Problem to solve: Copy the data that follows, exactly and completely.

Material for the task Start Marker

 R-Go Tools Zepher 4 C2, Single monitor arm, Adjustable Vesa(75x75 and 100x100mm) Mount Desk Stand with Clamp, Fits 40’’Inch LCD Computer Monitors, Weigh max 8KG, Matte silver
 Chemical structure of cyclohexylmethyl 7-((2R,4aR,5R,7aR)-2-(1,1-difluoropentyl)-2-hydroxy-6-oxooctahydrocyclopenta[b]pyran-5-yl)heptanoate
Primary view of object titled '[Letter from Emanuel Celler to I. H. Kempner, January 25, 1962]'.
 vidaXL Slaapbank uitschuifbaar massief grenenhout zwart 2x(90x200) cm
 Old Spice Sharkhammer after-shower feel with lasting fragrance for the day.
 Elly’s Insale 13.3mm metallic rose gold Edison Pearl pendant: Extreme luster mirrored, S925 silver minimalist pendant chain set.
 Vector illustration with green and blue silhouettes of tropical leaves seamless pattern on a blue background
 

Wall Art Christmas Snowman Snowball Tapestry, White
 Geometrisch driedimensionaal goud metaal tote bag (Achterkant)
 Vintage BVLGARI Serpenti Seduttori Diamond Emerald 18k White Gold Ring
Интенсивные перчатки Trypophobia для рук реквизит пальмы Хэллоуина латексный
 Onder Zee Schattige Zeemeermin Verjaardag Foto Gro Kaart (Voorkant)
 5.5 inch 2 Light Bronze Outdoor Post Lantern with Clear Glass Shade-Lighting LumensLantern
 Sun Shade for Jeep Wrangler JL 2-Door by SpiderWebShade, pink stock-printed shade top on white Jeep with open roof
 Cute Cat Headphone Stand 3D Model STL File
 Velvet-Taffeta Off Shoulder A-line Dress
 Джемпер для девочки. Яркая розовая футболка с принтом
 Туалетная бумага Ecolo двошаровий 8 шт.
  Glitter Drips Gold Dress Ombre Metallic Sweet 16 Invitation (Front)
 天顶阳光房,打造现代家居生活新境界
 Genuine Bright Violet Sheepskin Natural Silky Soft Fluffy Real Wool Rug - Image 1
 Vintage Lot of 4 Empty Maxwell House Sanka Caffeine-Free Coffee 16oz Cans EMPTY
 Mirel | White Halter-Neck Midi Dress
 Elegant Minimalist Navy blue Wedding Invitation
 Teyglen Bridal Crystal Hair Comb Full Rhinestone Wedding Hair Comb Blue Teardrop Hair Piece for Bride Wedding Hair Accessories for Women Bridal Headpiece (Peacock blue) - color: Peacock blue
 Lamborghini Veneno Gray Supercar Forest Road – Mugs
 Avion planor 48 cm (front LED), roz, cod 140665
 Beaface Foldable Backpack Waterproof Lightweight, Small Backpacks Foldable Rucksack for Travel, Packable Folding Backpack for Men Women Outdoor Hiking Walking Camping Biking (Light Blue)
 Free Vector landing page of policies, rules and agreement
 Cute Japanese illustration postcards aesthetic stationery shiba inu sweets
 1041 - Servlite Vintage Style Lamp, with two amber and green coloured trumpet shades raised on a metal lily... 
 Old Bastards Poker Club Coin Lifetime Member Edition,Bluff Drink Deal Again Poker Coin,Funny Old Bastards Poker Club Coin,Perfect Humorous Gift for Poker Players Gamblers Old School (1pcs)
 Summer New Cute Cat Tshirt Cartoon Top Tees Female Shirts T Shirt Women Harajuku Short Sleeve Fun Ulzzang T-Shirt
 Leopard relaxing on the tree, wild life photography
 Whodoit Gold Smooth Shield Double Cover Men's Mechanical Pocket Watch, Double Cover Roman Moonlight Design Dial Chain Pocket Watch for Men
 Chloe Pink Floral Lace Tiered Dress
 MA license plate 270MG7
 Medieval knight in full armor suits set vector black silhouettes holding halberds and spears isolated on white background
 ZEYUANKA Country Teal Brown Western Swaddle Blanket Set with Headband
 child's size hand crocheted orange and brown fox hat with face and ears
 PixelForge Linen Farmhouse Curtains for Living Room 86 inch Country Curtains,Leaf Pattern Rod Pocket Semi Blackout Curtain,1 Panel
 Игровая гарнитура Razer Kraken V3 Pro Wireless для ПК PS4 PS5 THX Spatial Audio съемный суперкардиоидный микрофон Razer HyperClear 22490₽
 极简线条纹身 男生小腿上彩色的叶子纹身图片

Material for the task End Marker

Output below:
 R-Go Tools Zepher 4 C2, Single monitor arm, Adjustable Vesa(75x75 and 100x100mm) Mount Desk Stand with Clamp, Fits 40’’Inch LCD Computer Monitors, Weigh max 8KG, Matte silver
 Chemical structure of cyclohexylmethyl 7-((2R,4aR,5R,7aR)-2-(1,1-difluoropentyl)-2-hydroxy-6-oxooctahydrocyclopenta[b]pyran-5-yl)heptanoate
Primary view of object titled '[Letter from Emanuel Celler to I. H. Kempner, January 25, 1962]'.
 vidaXL Slaapbank uitschuifbaar massief grenenhout zwart 2x(90x200) cm
 Old Spice Sharkhammer after-shower feel with lasting fragrance for the day.
 Elly’s Insale 13.3mm metallic rose gold Edison Pearl pendant: Extreme luster mirrored, S925 silver minimalist pendant chain set.
 Vector illustration with green and blue silhouettes of tropical leaves seamless pattern on a blue background
 

Wall Art Christmas Snowman Snowball Tapestry, White
 Geometrisch driedimensionaal goud metaal tote bag (Achterkant)
 Vintage BVLGARI Serpenti Seduttori Diamond Emerald 18k White Gold Ring
Интенсивные перчатки Trypophobia для рук реквизит пальмы Хэллоуина латексный
 Onder Zee Schattige Zeemeermin Verjaardag Foto Gro Kaart (Voorkant)
 5.5 inch 2 Light Bronze Outdoor Post Lantern with Clear Glass Shade-Lighting LumensLantern
 Sun Shade for Jeep Wrangler JL 2-Door by SpiderWebShade, pink stock-printed shade top on white Jeep with open roof
 Cute Cat Headphone Stand 3D Model STL File
 Velvet-Taffeta Off Shoulder A-line Dress
 Джемпер для девочки. Яркая розовая футболка с принтом
 Туалетная бумага Ecolo двошаровий 8 шт.
  Glitter Drips Gold Dress Ombre Metallic Sweet 16 Invitation (Front)
 天顶阳光房,打造现代家居生活新境界
 Genuine Bright Violet Sheepskin Natural Silky Soft Fluffy Real Wool Rug - Image 1
 Vintage Lot of 4 Empty Maxwell House Sanka Caffeine-Free Coffee 16oz Cans EMPTY
 Mirel | White Halter-Neck Midi Dress
 Elegant Minimalist Navy blue Wedding Invitation
 Teyglen Bridal Crystal Hair Comb Full Rhinestone Wedding Hair Comb Blue Teardrop Hair Piece for Bride Wedding Hair Accessories for Women Bridal Headpiece (Peacock blue) - color: Peacock blue
 Lamborghini Veneno Gray Supercar Forest Road – Mugs
 Avion planor 48 cm (front LED), roz, cod 140665
 Beaface Foldable Backpack Waterproof Lightweight, Small Backpacks Foldable Rucksack for Travel, Packable Folding Backpack for Men Women Outdoor Hiking Walking Camping Biking (Light Blue)
 Free Vector landing page of policies, rules and agreement
 Cute Japanese illustration postcards aesthetic stationery shiba inu sweets
 1041 - Servlite Vintage Style Lamp, with two amber and green coloured trumpet shades raised on a metal lily... 
 Old Bastards Poker Club Coin Lifetime Member Edition,Bluff Drink Deal Again Poker Coin,Funny Old Bastards Poker Club Coin,Perfect Humorous Gift for Poker Players Gamblers Old School (1pcs)
 Summer New Cute Cat Tshirt Cartoon Top Tees Female Shirts T Shirt Women Harajuku Short Sleeve Fun Ulzzang T-Shirt
 Leopard relaxing on the tree, wild life photography
 Whodoit Gold Smooth Shield Double Cover Men's Mechanical Pocket Watch, Double Cover Roman Moonlight Design Dial Chain Pocket Watch for Men
 Chloe Pink Floral Lace Tiered Dress
 MA license plate 270MG7
 Medieval knight in full armor suits set vector black silhouettes holding halberds and spears isolated on white background
 ZEYUANKA Country Teal Brown Western Swaddle Blanket Set with Headband
 child's size hand crocheted orange and brown fox hat with face and ears
 PixelForge Linen Farmhouse Curtains for Living Room 86 inch Country Curtains,Leaf Pattern Rod Pocket Semi Blackout Curtain,1 Panel
 Игровая гарнитура Razer Kraken V3 Pro Wireless для ПК PS4 PS5 THX Spatial Audio съемный суперкардиоидный микрофон Razer HyperClear 22490₽
 极简线条纹身 男生小腿上彩色的叶子纹身图片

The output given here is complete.